* [Your task]: Return the data below in full, matching every line exactly.

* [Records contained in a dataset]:

= = =

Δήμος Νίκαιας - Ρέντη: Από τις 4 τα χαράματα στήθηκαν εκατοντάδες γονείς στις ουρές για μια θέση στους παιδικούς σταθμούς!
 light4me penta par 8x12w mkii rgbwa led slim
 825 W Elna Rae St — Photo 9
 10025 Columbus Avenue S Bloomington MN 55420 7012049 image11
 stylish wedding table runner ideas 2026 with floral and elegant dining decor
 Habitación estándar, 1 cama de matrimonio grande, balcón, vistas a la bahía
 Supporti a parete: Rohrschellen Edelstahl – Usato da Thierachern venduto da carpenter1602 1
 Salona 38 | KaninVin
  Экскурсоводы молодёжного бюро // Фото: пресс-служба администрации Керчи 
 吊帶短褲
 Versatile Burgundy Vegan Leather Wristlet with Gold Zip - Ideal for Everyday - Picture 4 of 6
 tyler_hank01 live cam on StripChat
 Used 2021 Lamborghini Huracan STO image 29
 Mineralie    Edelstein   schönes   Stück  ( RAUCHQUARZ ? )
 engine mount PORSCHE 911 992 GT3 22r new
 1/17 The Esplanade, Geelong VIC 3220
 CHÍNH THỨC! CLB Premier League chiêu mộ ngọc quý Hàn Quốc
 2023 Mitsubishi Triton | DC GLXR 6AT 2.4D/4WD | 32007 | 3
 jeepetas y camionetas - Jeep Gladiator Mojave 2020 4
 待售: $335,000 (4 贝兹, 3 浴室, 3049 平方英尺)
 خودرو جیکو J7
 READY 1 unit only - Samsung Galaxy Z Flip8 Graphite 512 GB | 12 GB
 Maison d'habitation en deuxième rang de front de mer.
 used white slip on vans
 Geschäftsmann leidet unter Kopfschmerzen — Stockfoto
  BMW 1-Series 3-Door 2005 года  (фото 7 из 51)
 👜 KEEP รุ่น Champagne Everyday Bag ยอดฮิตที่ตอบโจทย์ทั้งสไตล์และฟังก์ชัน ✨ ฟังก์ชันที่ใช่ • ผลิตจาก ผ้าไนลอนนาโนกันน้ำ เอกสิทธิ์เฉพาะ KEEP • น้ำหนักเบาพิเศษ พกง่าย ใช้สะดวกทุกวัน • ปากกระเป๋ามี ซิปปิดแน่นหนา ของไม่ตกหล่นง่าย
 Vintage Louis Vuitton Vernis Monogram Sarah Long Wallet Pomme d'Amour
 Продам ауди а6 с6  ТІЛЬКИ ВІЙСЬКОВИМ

= = =

* [Solution to the problem]:
Δήμος Νίκαιας - Ρέντη: Από τις 4 τα χαράματα στήθηκαν εκατοντάδες γονείς στις ουρές για μια θέση στους παιδικούς σταθμούς!
 light4me penta par 8x12w mkii rgbwa led slim
 825 W Elna Rae St — Photo 9
 10025 Columbus Avenue S Bloomington MN 55420 7012049 image11
 stylish wedding table runner ideas 2026 with floral and elegant dining decor
 Habitación estándar, 1 cama de matrimonio grande, balcón, vistas a la bahía
 Supporti a parete: Rohrschellen Edelstahl – Usato da Thierachern venduto da carpenter1602 1
 Salona 38 | KaninVin
  Экскурсоводы молодёжного бюро // Фото: пресс-служба администрации Керчи 
 吊帶短褲
 Versatile Burgundy Vegan Leather Wristlet with Gold Zip - Ideal for Everyday - Picture 4 of 6
 tyler_hank01 live cam on StripChat
 Used 2021 Lamborghini Huracan STO image 29
 Mineralie    Edelstein   schönes   Stück  ( RAUCHQUARZ ? )
 engine mount PORSCHE 911 992 GT3 22r new
 1/17 The Esplanade, Geelong VIC 3220
 CHÍNH THỨC! CLB Premier League chiêu mộ ngọc quý Hàn Quốc
 2023 Mitsubishi Triton | DC GLXR 6AT 2.4D/4WD | 32007 | 3
 jeepetas y camionetas - Jeep Gladiator Mojave 2020 4
 待售: $335,000 (4 贝兹, 3 浴室, 3049 平方英尺)
 خودرو جیکو J7
 READY 1 unit only - Samsung Galaxy Z Flip8 Graphite 512 GB | 12 GB
 Maison d'habitation en deuxième rang de front de mer.
 used white slip on vans
 Geschäftsmann leidet unter Kopfschmerzen — Stockfoto
  BMW 1-Series 3-Door 2005 года  (фото 7 из 51)
 👜 KEEP รุ่น Champagne Everyday Bag ยอดฮิตที่ตอบโจทย์ทั้งสไตล์และฟังก์ชัน ✨ ฟังก์ชันที่ใช่ • ผลิตจาก ผ้าไนลอนนาโนกันน้ำ เอกสิทธิ์เฉพาะ KEEP • น้ำหนักเบาพิเศษ พกง่าย ใช้สะดวกทุกวัน • ปากกระเป๋ามี ซิปปิดแน่นหนา ของไม่ตกหล่นง่าย
 Vintage Louis Vuitton Vernis Monogram Sarah Long Wallet Pomme d'Amour
 Продам ауди а6 с6  ТІЛЬКИ ВІЙСЬКОВИМ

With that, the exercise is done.